▸ **WORK ITEM**
Every entry below should be printed exactly, without its images.
*** Begin section ***
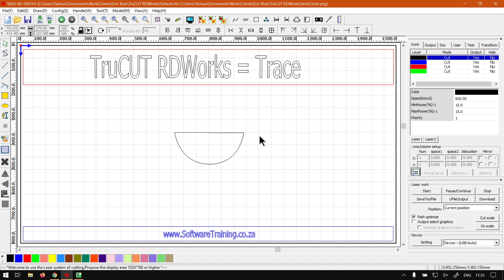But sometimes just a simple trace does the job quite well and can be quite fast. But in the meanwhile, if we head here to softwaretraining.co.za, you guys will notice we've got a variety of different softwares we do cover.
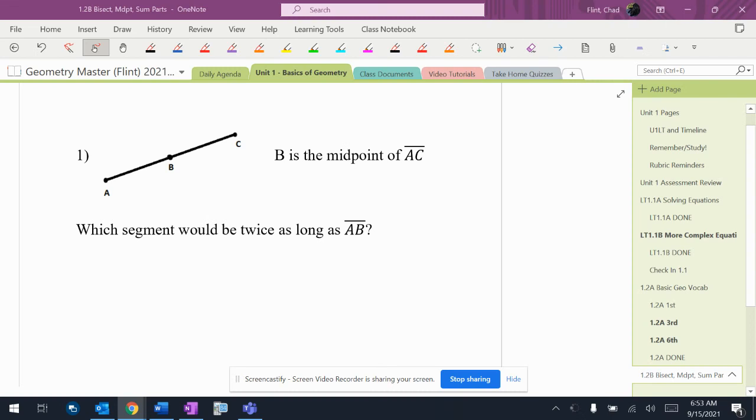All right, so here's what we've got next. B is the midpoint of AC. These are going to be a lot of the same pictures, a lot of the same statements, but they're going to ask you slightly different questions.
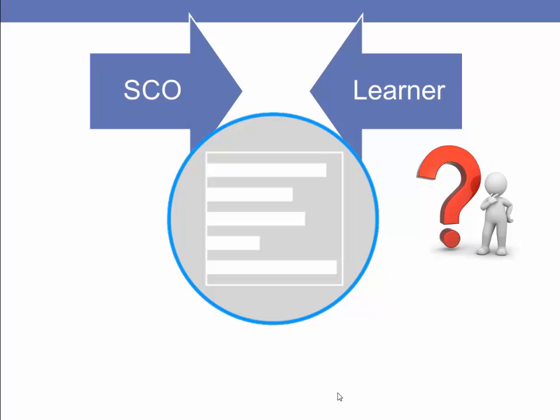Similarly, if a student were to fail a quiz, the SCO would know that and tell the LMS. Then the LMS could act accordingly depending on the prescribed paths.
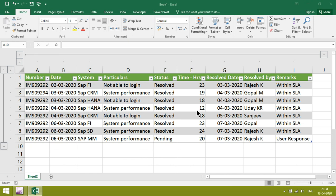Once the table is created, we can count number of tickets as well as hours. Let's see how we can do that. Just click on it.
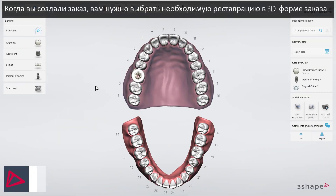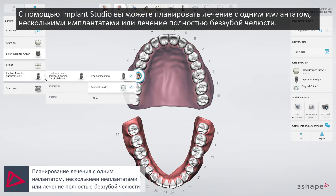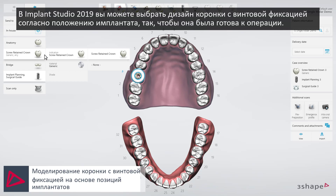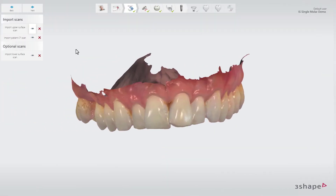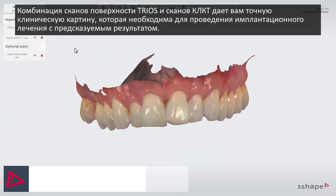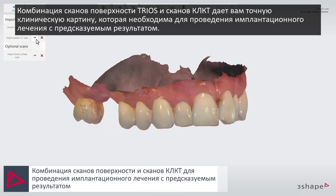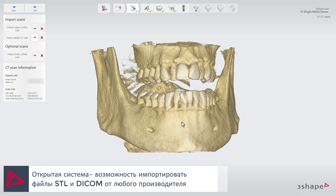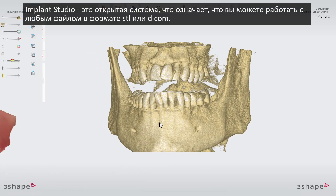When you have created your case, you start by defining the relevant indications in the 3D order form. You can plan single, multiple, or fully edentulous treatments in Implant Studio. In Implant Studio 2019, you can now choose to design a screw-retained crown based on the implant position and have it ready at the time of surgery. The combination of surface scans from Trios and CBCT scans gives you a very precise clinical insight that is essential when you want to carry out predictable implant treatments. Implant Studio is an open system, which means you can work with any STL or DICOM file inside the system.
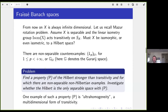The way I see the massive rotation problem is that it is too difficult at this point to hope for a positive answer. What you should perhaps do as a first step is find a property P of the Hilbert space which is stronger than transitivity but for which you would still be able to find non-separable counterexamples. If you find such a property, investigate whether the Hilbert space is the only separable space with this property. The example I want to look at is ultra-homogeneity, which is just the natural multidimensional form of transitivity.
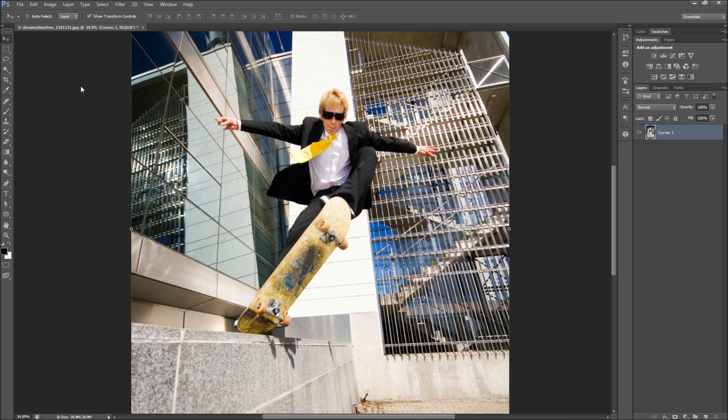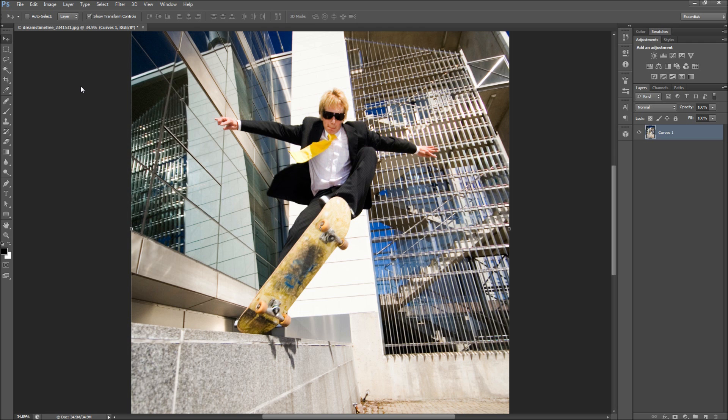Today in Photoshop we'll look at how to single out a color in your photos to add emphasis. Let's say we want to take the focus away from this businessman performing an ollie off his company headquarters and instead highlight his stylish tie.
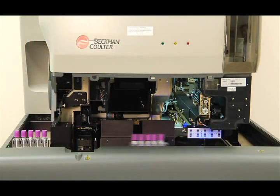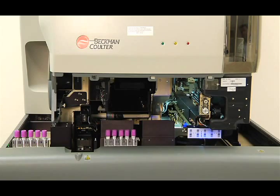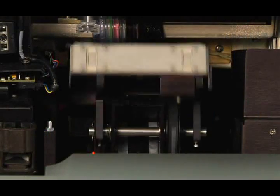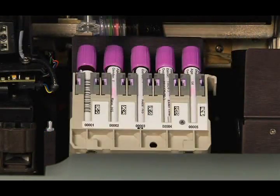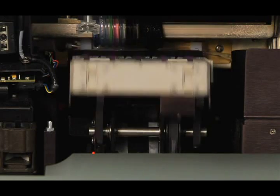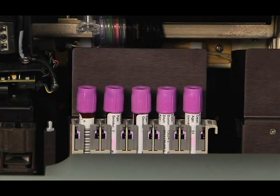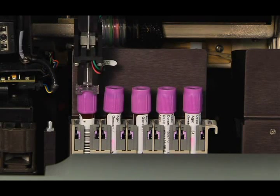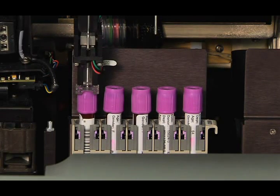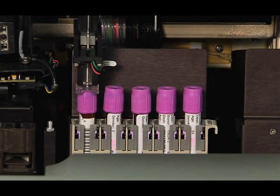The cassettes then advance to the mix station. The specimens are mixed with a gentle rocking motion. Then the aspiration probe aspirates the sample that will be used to create the slide smear.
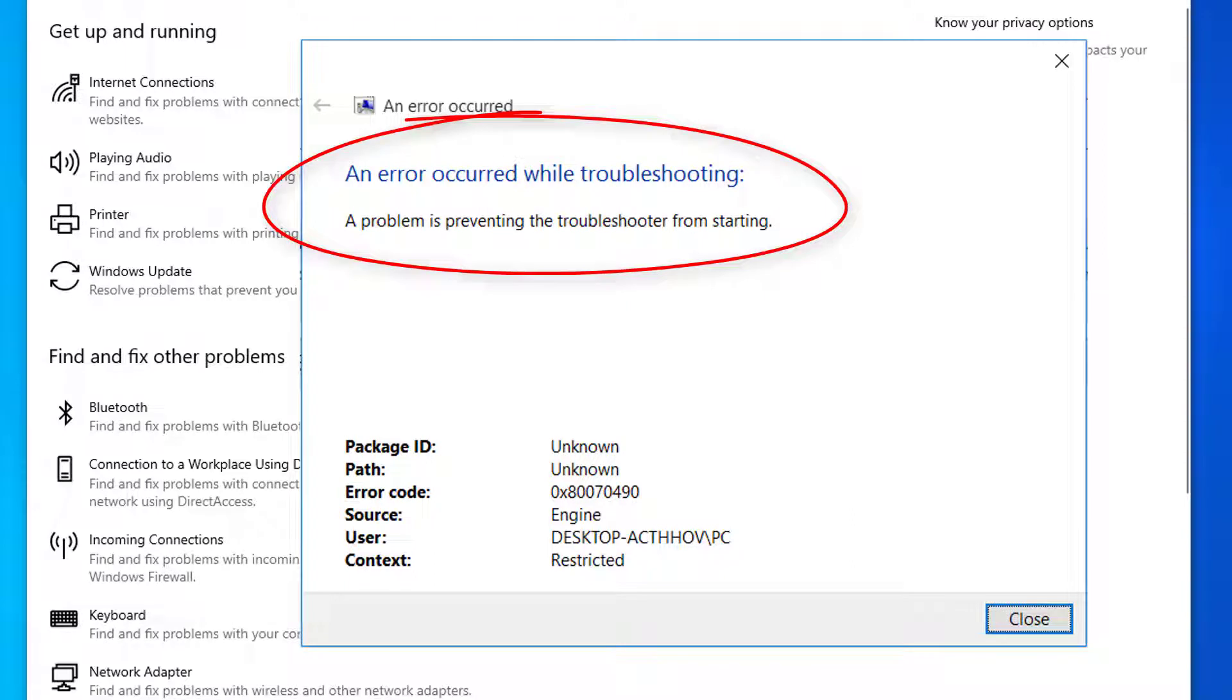This is a common problem in Windows. It happens when you try to run the built-in troubleshooting feature or Microsoft's official fix-it tools. As soon as you run the troubleshooter, you receive the error message.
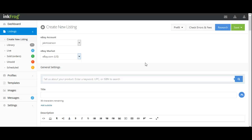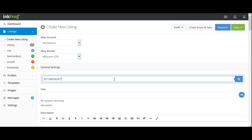To use the eBay catalogs when creating your InkFrog listings, access InkFrog Open and select Create New Listing. Under General Settings, you'll find 'Tell us about your product.' Enter a keyword, UPC, or ISBN to search. We'll enter a UPC number and select Search.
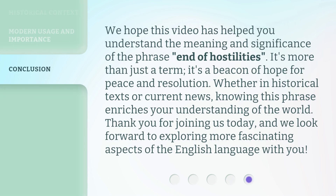We hope this video has helped you understand the meaning and significance of the phrase 'end of hostilities.' It's more than just a term — it's a beacon of hope for peace and resolution. Whether in historical texts or current news, knowing this phrase enriches your understanding of the world. Thank you for joining us today, and we look forward to exploring more fascinating aspects of the English language with you.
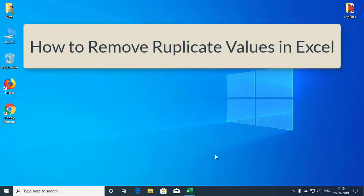Hi friends! In this video, we'll show you how to remove duplicate values in Excel.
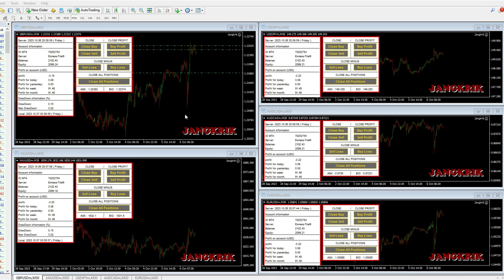Currently, I am running five currency pairs, namely GBPUSD, XAUST, USDJPY, AUDCAD, and EURUSD, with the M30 timeframe.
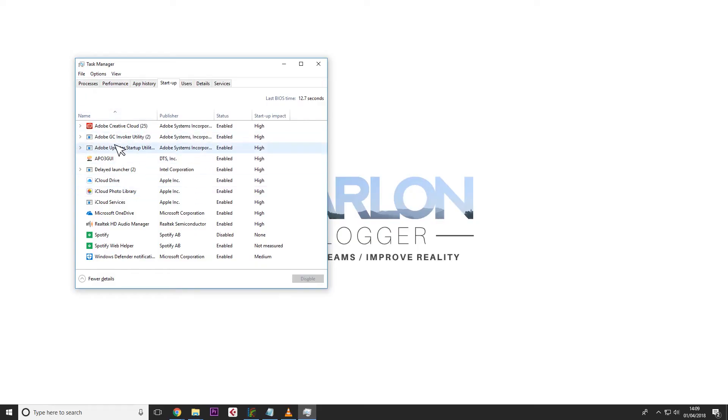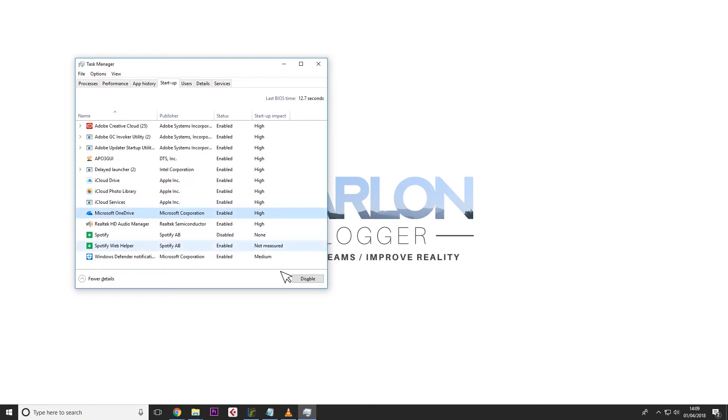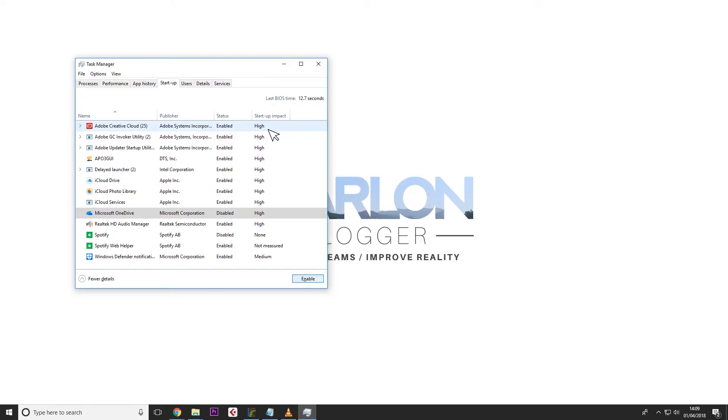Most of these I do want to keep, but things like Microsoft OneDrive — I do not use OneDrive — so I'm going to disable this. Select it, disable, simple as that. And not only that, you can see from this list the startup impact — most of these are high. So I could quite easily remove iCloud Drive as well, I don't use that. Disable. Done.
*** End section ***
▸ **ANSWER**
But sometimes just a simple trace does the job quite well and can be quite fast. But in the meanwhile, if we head here to softwaretraining.co.za, you guys will notice we've got a variety of different softwares we do cover.
All right, so here's what we've got next. B is the midpoint of AC. These are going to be a lot of the same pictures, a lot of the same statements, but they're going to ask you slightly different questions.
Similarly, if a student were to fail a quiz, the SCO would know that and tell the LMS. Then the LMS could act accordingly depending on the prescribed paths.
Once the table is created, we can count number of tickets as well as hours. Let's see how we can do that. Just click on it.
When you have created your case, you start by defining the relevant indications in the 3D order form. You can plan single, multiple, or fully edentulous treatments in Implant Studio. In Implant Studio 2019, you can now choose to design a screw-retained crown based on the implant position and have it ready at the time of surgery. The combination of surface scans from Trios and CBCT scans gives you a very precise clinical insight that is essential when you want to carry out predictable implant treatments. Implant Studio is an open system, which means you can work with any STL or DICOM file inside the system.
The way I see the massive rotation problem is that it is too difficult at this point to hope for a positive answer. What you should perhaps do as a first step is find a property P of the Hilbert space which is stronger than transitivity but for which you would still be able to find non-separable counterexamples. If you find such a property, investigate whether the Hilbert space is the only separable space with this property. The example I want to look at is ultra-homogeneity, which is just the natural multidimensional form of transitivity.
Today in Photoshop we'll look at how to single out a color in your photos to add emphasis. Let's say we want to take the focus away from this businessman performing an ollie off his company headquarters and instead highlight his stylish tie.
The cassettes then advance to the mix station. The specimens are mixed with a gentle rocking motion. Then the aspiration probe aspirates the sample that will be used to create the slide smear.
This is a common problem in Windows. It happens when you try to run the built-in troubleshooting feature or Microsoft's official fix-it tools. As soon as you run the troubleshooter, you receive the error message.
To use the eBay catalogs when creating your InkFrog listings, access InkFrog Open and select Create New Listing. Under General Settings, you'll find 'Tell us about your product.' Enter a keyword, UPC, or ISBN to search. We'll enter a UPC number and select Search.
We hope this video has helped you understand the meaning and significance of the phrase 'end of hostilities.' It's more than just a term — it's a beacon of hope for peace and resolution. Whether in historical texts or current news, knowing this phrase enriches your understanding of the world. Thank you for joining us today, and we look forward to exploring more fascinating aspects of the English language with you.
Hi friends! In this video, we'll show you how to remove duplicate values in Excel.
Currently, I am running five currency pairs, namely GBPUSD, XAUST, USDJPY, AUDCAD, and EURUSD, with the M30 timeframe.
Most of these I do want to keep, but things like Microsoft OneDrive — I do not use OneDrive — so I'm going to disable this. Select it, disable, simple as that. And not only that, you can see from this list the startup impact — most of these are high. So I could quite easily remove iCloud Drive as well, I don't use that. Disable. Done.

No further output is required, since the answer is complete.